THE PROBLEM:
Nothing but the lines from the one holding "Maestra muerta" to the final line of the listing below, both included, should be repeated, and each must match exactly. Omit pictures.

DATASET SECTION:
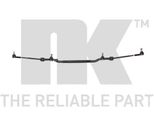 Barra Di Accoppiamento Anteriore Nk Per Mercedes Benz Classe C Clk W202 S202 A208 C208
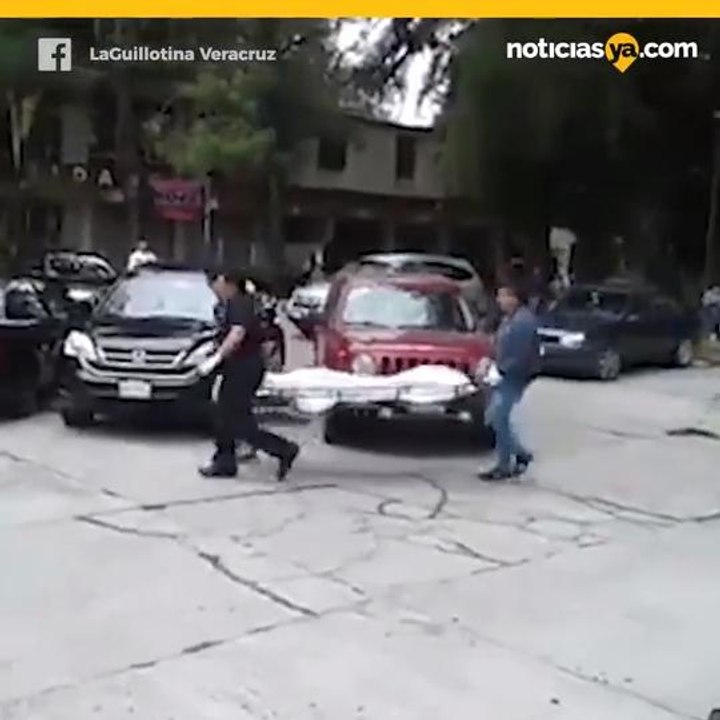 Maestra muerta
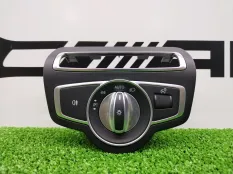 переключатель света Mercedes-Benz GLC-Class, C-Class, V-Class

RESULT OF THE TASK:
 Maestra muerta
 переключатель света Mercedes-Benz GLC-Class, C-Class, V-Class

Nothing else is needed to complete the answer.